My father had two bars of soap. In the shower (no bath existed in his bathroom; why would it need to?) he always had a bar of Irish Spring. Next to the kitchen sink, he had a bar of Lava, the sandpaper-like bar soap whose advertising campaigns have been based on getting glue, tar and engine grease off your hands for over 50 years. Other than a splash of Old Spice on special occasions, this was pretty much the extent of his grooming supplies. Even the way he shaved — aggressively quick, every morning including Saturdays, and with the oldest razor I've ever seen — seemed rugged.
The world (or manhood itself) has changed a lot since the pre-manscaping days of yore. Sure, there have always been dandies, but you can't imagine Don Draper doing much more each morning than running a comb full of Brylcreem through his hair and changing into a new starched shirt to get the smell of whore off of him.
I have bathroom drawers, containers, and shower caddies full of products I use or don't. I don't want to have them, but I do. I've had 35 years on the planet and, for at least five of those, I would consider myself a man. Therefore, I've decided to assess and give my utterly uninformed opinions on what a real (modern) male needs or doesn't when it comes to the world of grooming.
Shaving (face): A razor. Shaving cream. Maybe some kind of relief for razor burn, but changing your razors more often and cold water should be enough.
Arm, leg, chest and back hair: We're living in a world where sleekness is now prized. But unless you're involved in a competitive sport where you need to lessen your "drag," don't shave your arm or leg hair. And even if you are ... don't shave your arm or leg hair. For chest, unless it gives you that junior high coaches look of a solid half-inch clearance between chest and a cotton t-shirt, leave it alone. As for back, it's become taboo enough. If you're embarrassed taking off your shirt at the beach or pool, it's probably worth doing.
Nether regions: There are two schools of thought here. First school: a man's junk should probably look as much like a man's junk as possible. Conversely: Trim the bush. It makes the tree look bigger.
Shampoo and conditioner: Yes. Both.
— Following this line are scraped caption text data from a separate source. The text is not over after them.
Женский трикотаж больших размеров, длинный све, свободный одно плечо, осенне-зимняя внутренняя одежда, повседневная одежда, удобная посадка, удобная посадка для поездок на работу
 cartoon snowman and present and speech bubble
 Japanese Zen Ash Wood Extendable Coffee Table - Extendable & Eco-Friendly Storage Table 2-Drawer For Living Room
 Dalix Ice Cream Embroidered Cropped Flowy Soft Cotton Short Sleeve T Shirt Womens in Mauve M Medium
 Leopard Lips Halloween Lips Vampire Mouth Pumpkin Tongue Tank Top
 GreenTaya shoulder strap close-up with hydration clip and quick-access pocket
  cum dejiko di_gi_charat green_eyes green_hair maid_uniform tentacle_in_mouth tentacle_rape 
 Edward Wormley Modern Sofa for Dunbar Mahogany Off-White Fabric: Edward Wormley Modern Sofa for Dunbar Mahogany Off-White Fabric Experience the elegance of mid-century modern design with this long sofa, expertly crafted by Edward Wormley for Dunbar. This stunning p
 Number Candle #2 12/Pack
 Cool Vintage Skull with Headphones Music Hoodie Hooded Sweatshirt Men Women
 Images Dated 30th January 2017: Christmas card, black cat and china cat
But the shampoo less often as it strips your hair of beneficial oils.
Eyebrows: Unless you're a former Soviet leader, or a female Mexican painter best known for her self-portraits, you can't get away with it. Trim.
Dyeing your hair: If you paid a whole lot of money to get it done by a professional, we probably can't tell. If it was advertised to you by Keith Hernandez, we can.
Teeth: You want teeth. Chicks dig them.
Teeth-whitening: It seems that for every cent of value the U.S. dollar has lost over the last 20 years, Americans' teeth have gotten a shade whiter. We're clearly hiding something. Then again, we've never consumed so much coffee. Worth considering.
Toenails/fingernails: Clip them. Clean them.
Manicures/pedicures: If done on a good-humored Saturday afternoon with your mate, yes. If you already have a standing appointment, call now, cancel, collect your genitals at the door. (Note: And don't ever use the phrase "mani and pedi" unless you're doing a very good Paul Lynde impersonation.)
Facials/facial masks: See above.
Botox: Three things: 1. You're injecting botulinum toxin into your face. 2. YOU'RE INJECTING BOTULINUM TOXIN INTO YOUR FACE! 3. If these first two aren't enough, see Bruce Jenner.
Moisturize/exfoliate: Moisturize, exfoliate — it's a vicious circle. Moisturizer? Yes, daily. And one with sunscreen. Exfoliating scrub? Yes. Maybe the grittiness will make you feel more manly about doing it, like you're hurting something.
Sunscreen: Yes. You're a grown man now. Sunburn isn't sexy on that girl dancing in circles at Coachella and it's not sexy on you.
Male make-up: Yes, this is a thing. Unless someone else is applying it for you for a specific task — stump speech, drag show, you're playing The Phantom — no, you shouldn't do it.